Provided information

Content starts

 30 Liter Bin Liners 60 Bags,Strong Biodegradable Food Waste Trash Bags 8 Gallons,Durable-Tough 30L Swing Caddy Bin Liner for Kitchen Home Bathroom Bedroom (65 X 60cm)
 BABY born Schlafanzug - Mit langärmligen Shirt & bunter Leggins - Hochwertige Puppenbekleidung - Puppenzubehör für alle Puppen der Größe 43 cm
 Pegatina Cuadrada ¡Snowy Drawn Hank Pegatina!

Content ends
Content starts

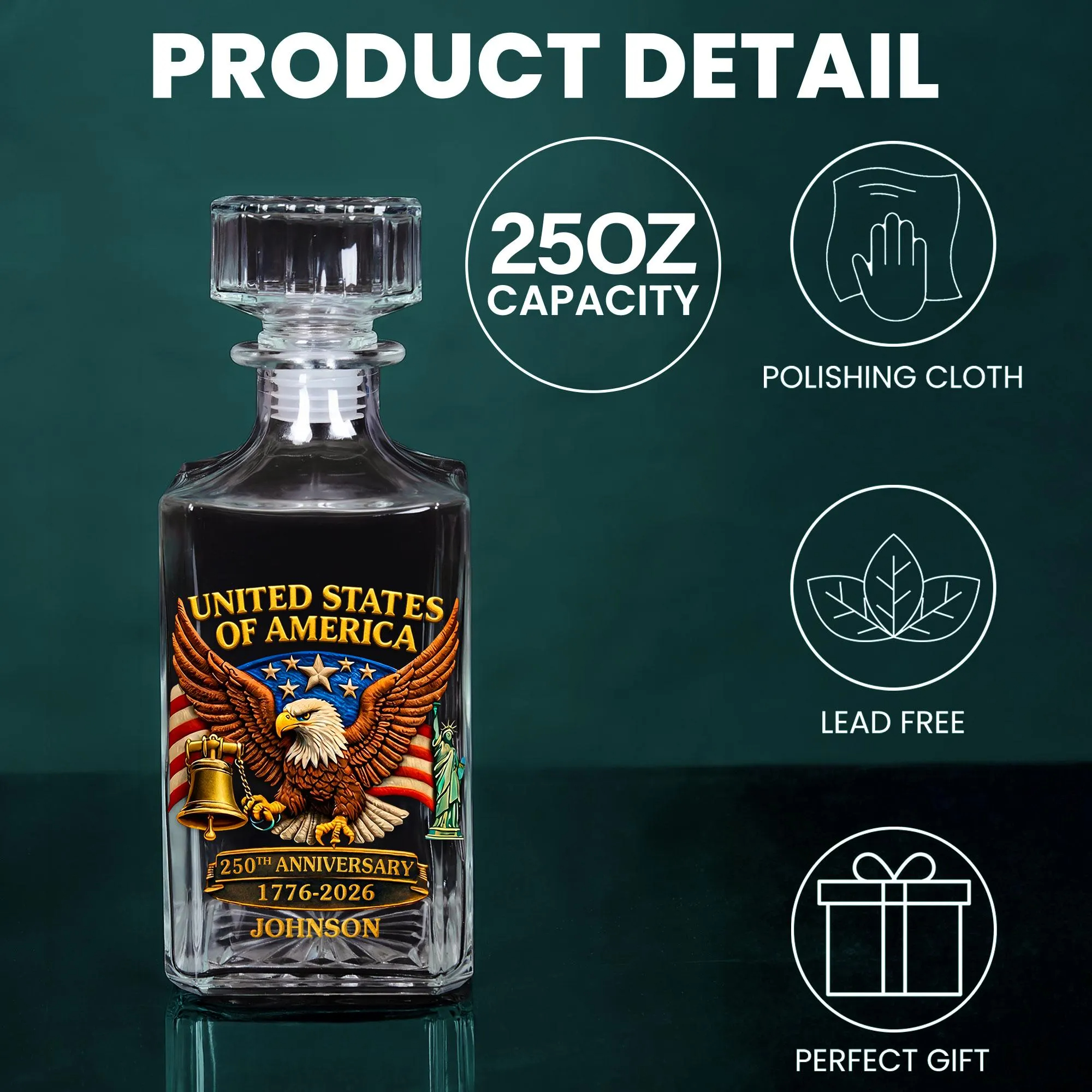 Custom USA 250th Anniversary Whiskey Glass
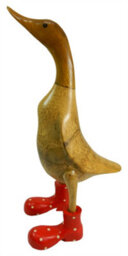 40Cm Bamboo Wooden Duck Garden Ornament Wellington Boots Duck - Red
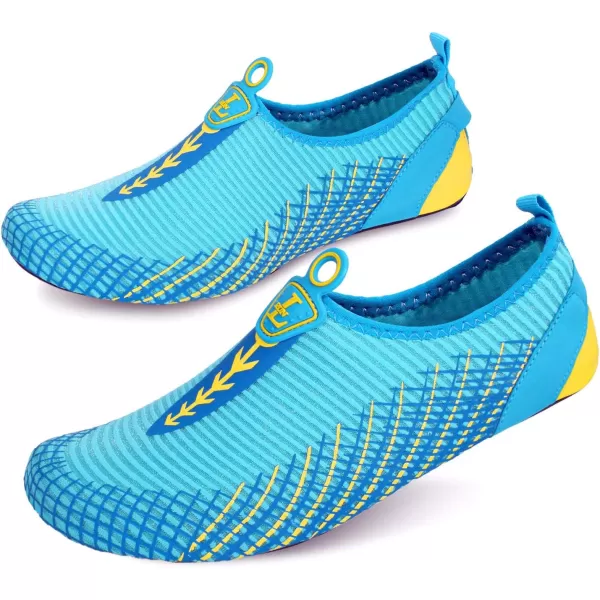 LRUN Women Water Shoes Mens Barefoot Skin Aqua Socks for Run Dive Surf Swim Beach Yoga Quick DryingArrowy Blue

Content ends
Content starts

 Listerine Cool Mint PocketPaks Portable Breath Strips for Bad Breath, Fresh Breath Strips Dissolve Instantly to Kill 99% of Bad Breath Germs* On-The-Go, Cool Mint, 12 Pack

Content ends

Required work
From the line holding "Custom USA 250th Anniversary Whiskey Glass" to the line holding "LRUN Women Water", both included, retype the entries above exactly and drop the pictures.

Response to this exercise
 Custom USA 250th Anniversary Whiskey Glass
 40Cm Bamboo Wooden Duck Garden Ornament Wellington Boots Duck - Red
 LRUN Women Water Shoes Mens Barefoot Skin Aqua Socks for Run Dive Surf Swim Beach Yoga Quick DryingArrowy Blue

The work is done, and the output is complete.